+++ Records to use +++

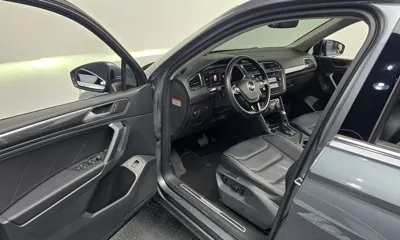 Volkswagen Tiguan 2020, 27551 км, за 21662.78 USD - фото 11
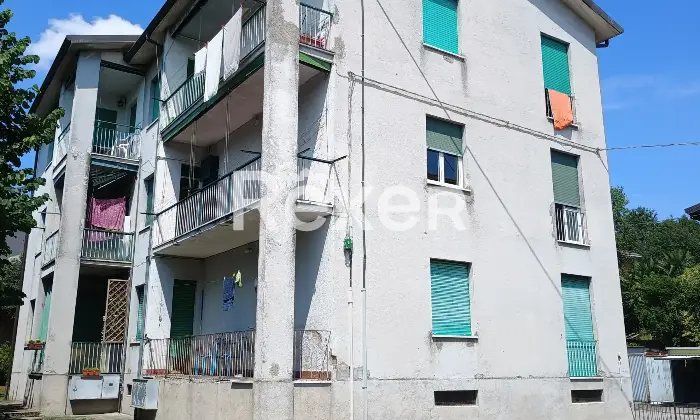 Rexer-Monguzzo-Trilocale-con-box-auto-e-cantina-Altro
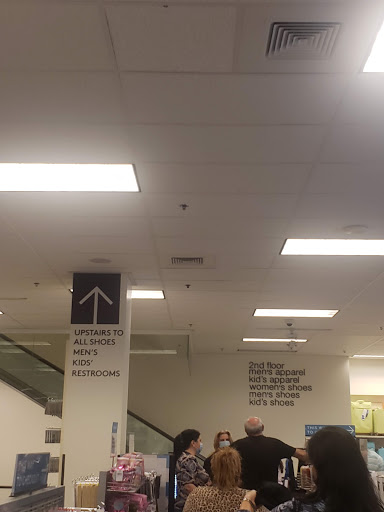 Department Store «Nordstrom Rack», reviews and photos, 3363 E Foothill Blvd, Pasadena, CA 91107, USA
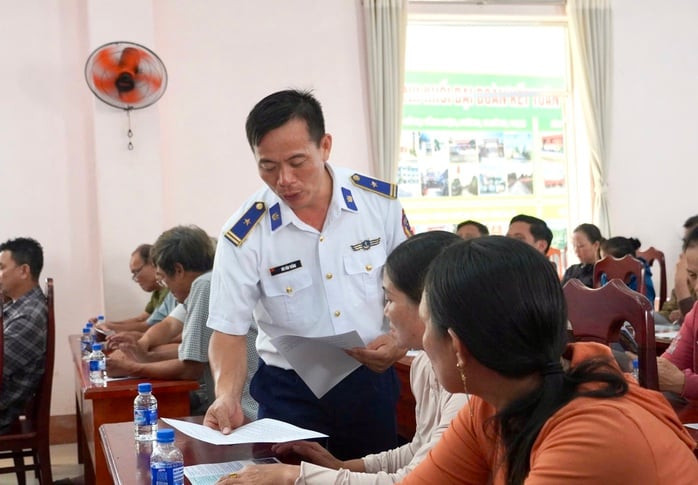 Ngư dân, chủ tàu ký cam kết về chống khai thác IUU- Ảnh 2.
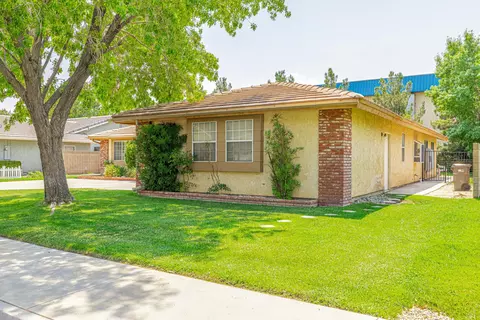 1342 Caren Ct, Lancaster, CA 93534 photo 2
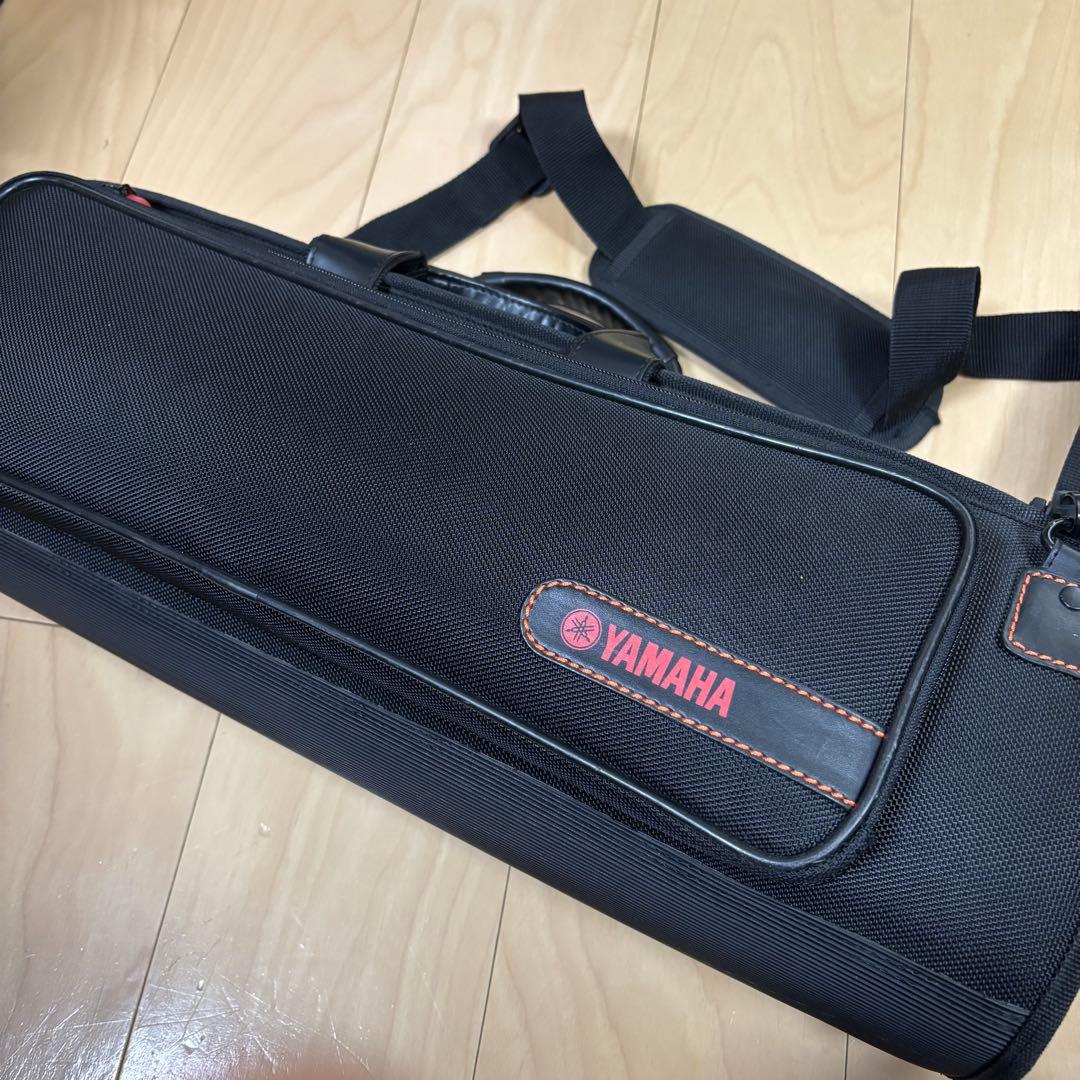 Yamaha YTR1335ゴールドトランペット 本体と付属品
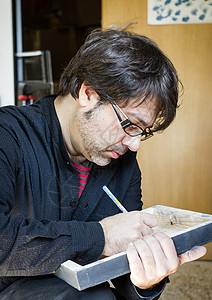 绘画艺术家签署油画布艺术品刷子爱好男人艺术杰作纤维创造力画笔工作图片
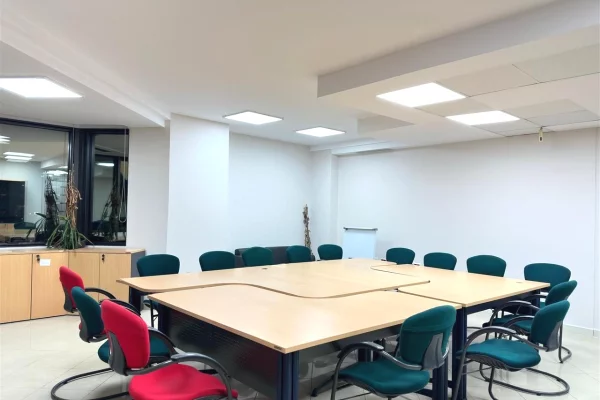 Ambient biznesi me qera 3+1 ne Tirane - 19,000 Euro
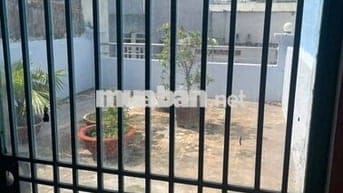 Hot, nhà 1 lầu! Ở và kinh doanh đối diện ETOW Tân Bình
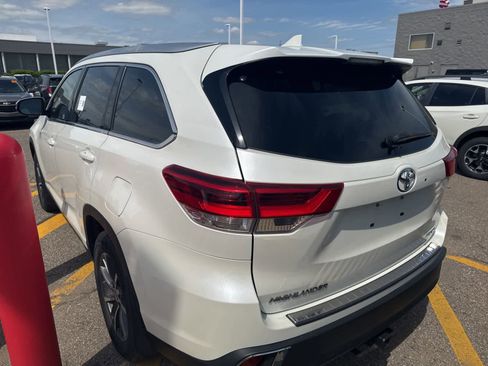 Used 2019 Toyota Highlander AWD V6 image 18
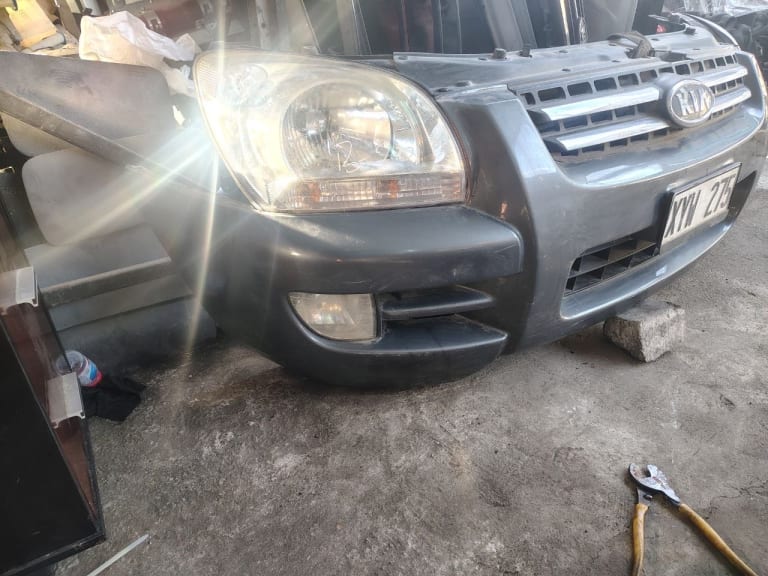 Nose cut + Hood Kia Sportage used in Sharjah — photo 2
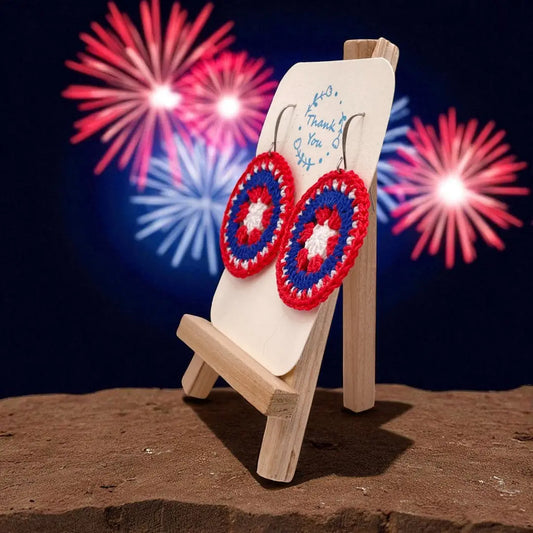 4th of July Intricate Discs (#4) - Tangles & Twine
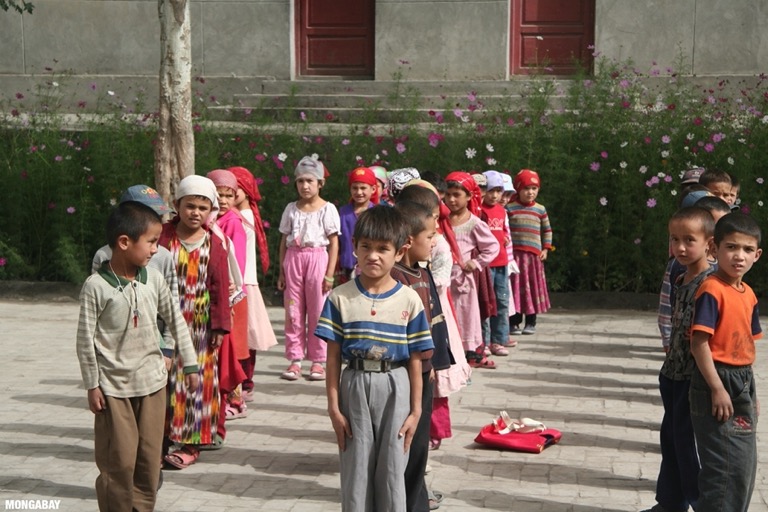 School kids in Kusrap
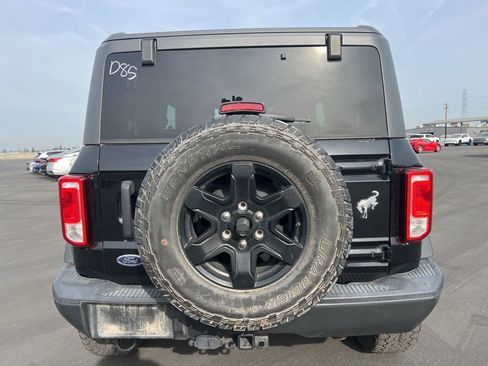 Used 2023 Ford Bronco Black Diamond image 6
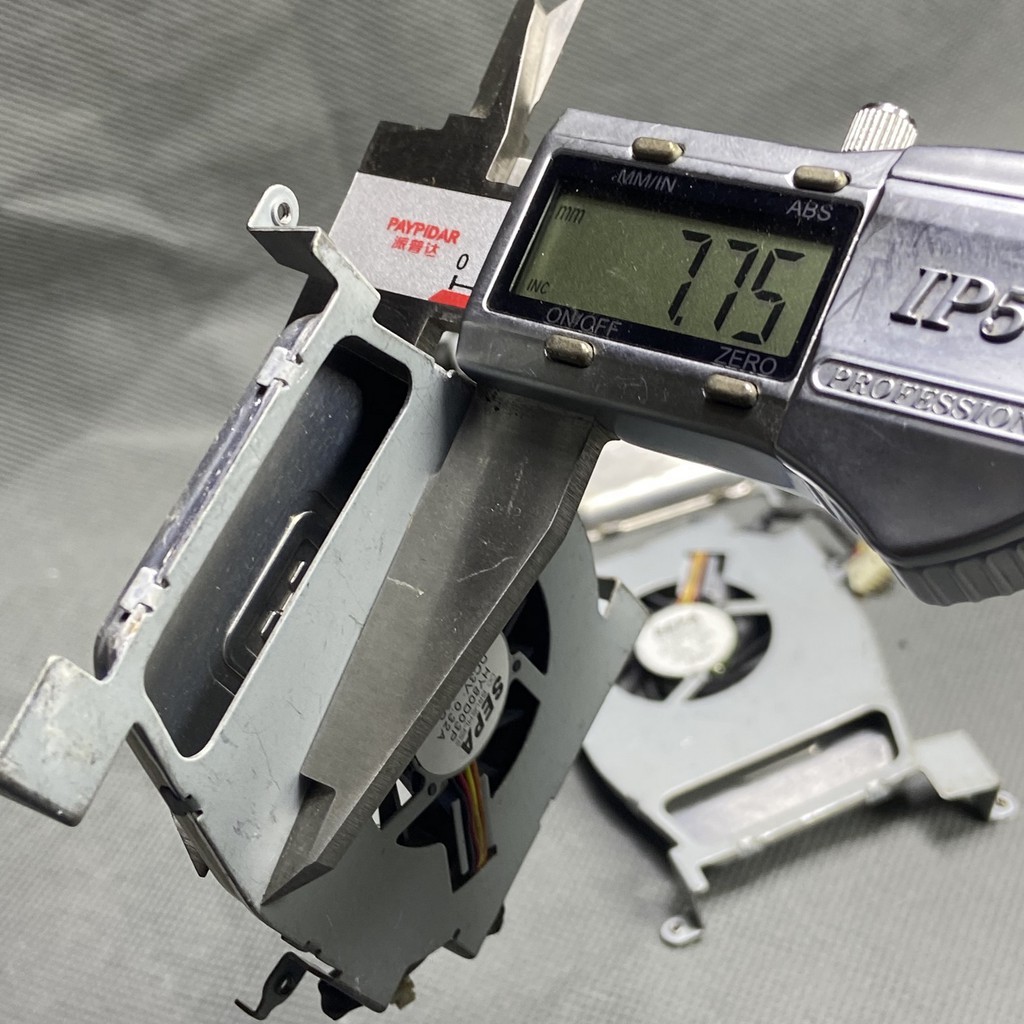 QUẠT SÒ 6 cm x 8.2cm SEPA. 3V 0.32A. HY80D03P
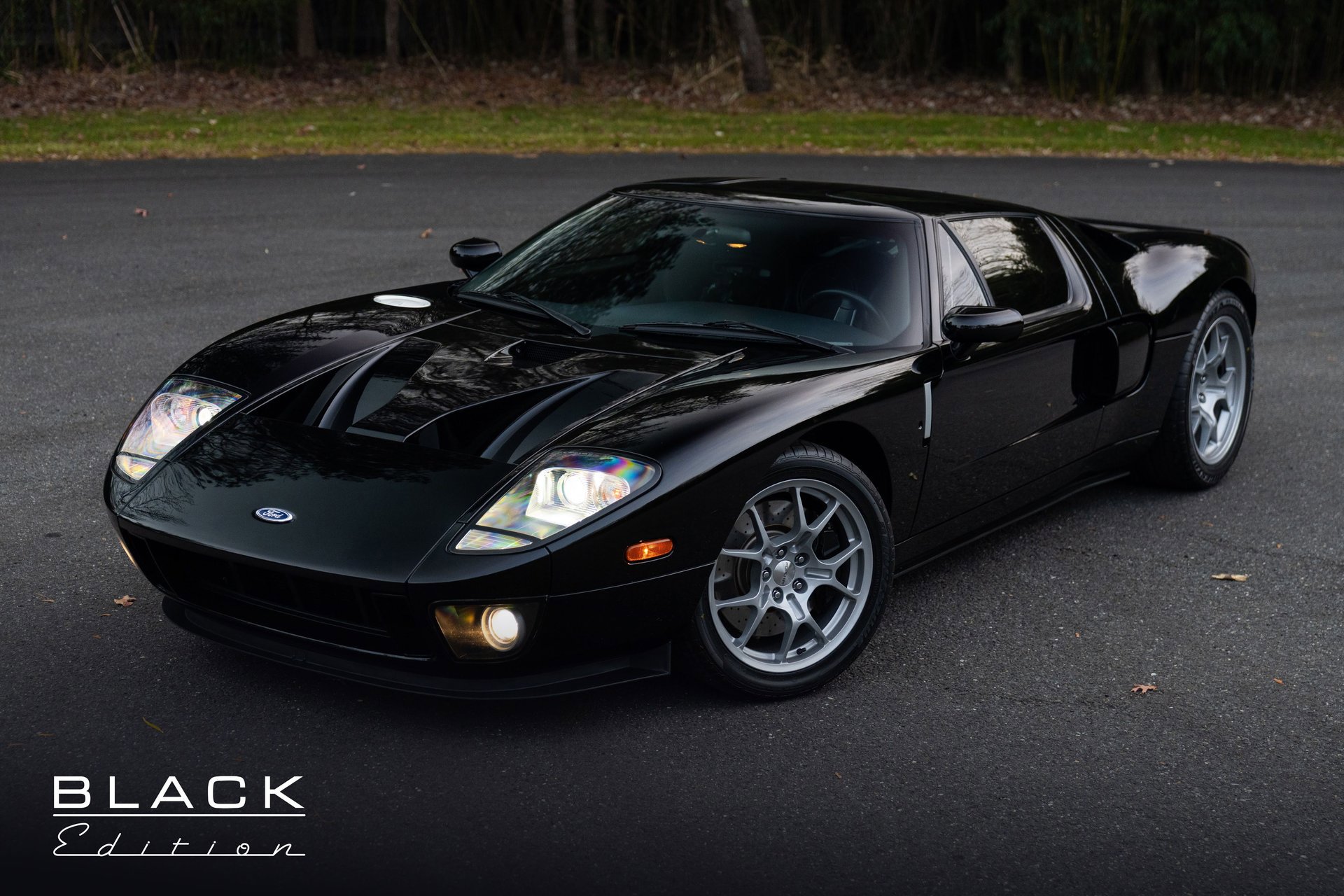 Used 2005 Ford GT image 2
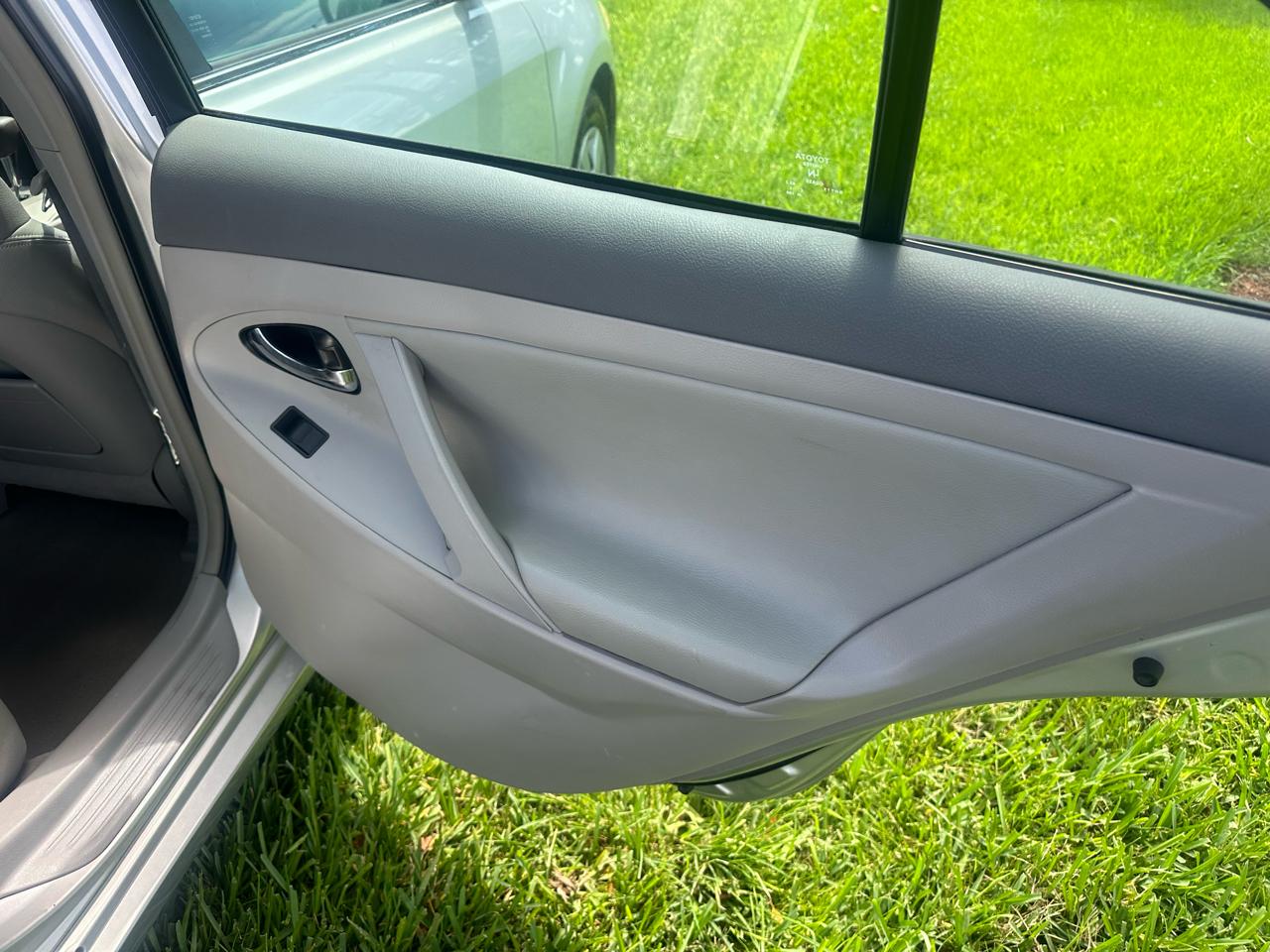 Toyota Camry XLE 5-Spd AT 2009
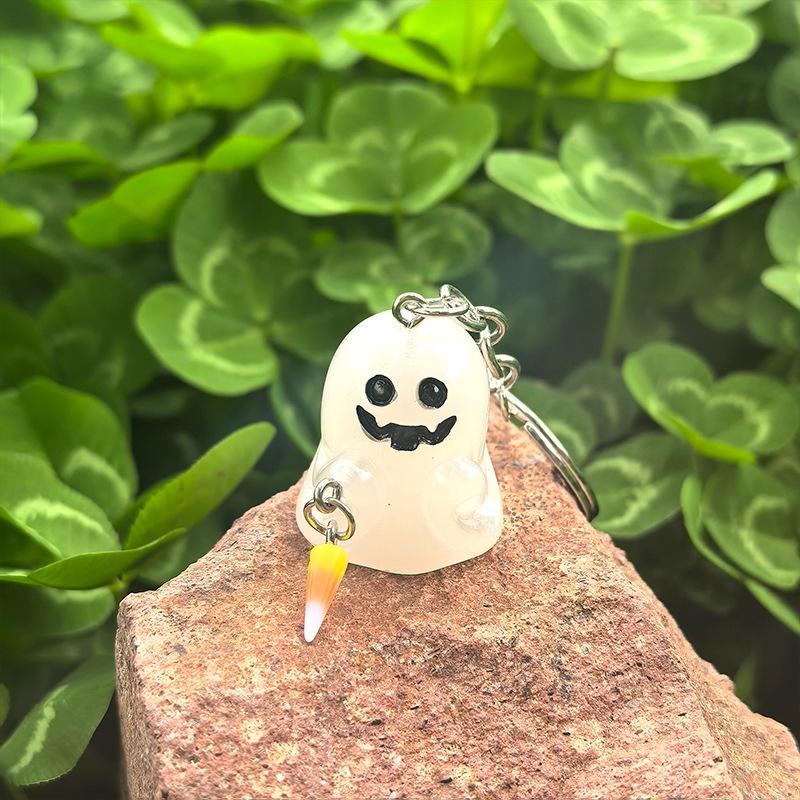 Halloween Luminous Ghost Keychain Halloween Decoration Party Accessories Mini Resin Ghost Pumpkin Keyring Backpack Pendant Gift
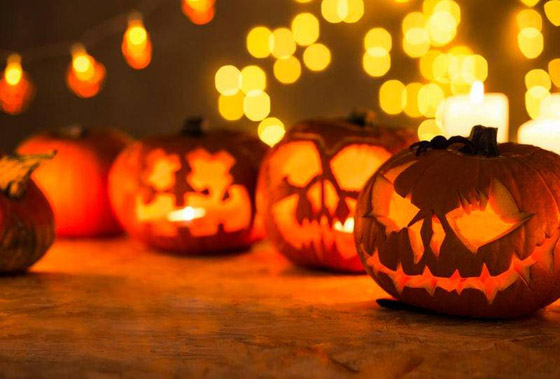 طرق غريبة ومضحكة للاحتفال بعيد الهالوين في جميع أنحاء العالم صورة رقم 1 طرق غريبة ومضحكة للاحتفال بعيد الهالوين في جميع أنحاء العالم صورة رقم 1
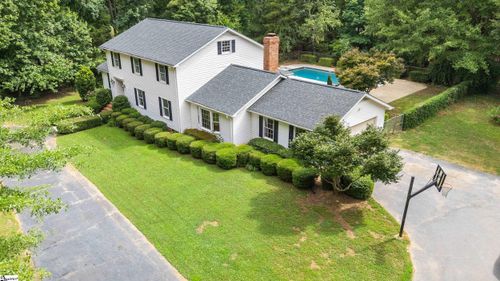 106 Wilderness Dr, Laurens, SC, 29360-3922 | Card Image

+++

What you have to do
Print, please, exactly the lines from the one holding "1342 Caren Ct, Lancaster, CA 93534 photo 2" through the final line of the data, both included, while leaving out each picture.

Solution for this problem
 1342 Caren Ct, Lancaster, CA 93534 photo 2
 Yamaha YTR1335ゴールドトランペット 本体と付属品
 绘画艺术家签署油画布艺术品刷子爱好男人艺术杰作纤维创造力画笔工作图片
 Ambient biznesi me qera 3+1 ne Tirane - 19,000 Euro
 Hot, nhà 1 lầu! Ở và kinh doanh đối diện ETOW Tân Bình
 Used 2019 Toyota Highlander AWD V6 image 18
 Nose cut + Hood Kia Sportage used in Sharjah — photo 2
 4th of July Intricate Discs (#4) - Tangles & Twine
 School kids in Kusrap
 Used 2023 Ford Bronco Black Diamond image 6
 QUẠT SÒ 6 cm x 8.2cm SEPA. 3V 0.32A. HY80D03P
 Used 2005 Ford GT image 2
 Toyota Camry XLE 5-Spd AT 2009
 Halloween Luminous Ghost Keychain Halloween Decoration Party Accessories Mini Resin Ghost Pumpkin Keyring Backpack Pendant Gift
 طرق غريبة ومضحكة للاحتفال بعيد الهالوين في جميع أنحاء العالم صورة رقم 1 طرق غريبة ومضحكة للاحتفال بعيد الهالوين في جميع أنحاء العالم صورة رقم 1
 106 Wilderness Dr, Laurens, SC, 29360-3922 | Card Image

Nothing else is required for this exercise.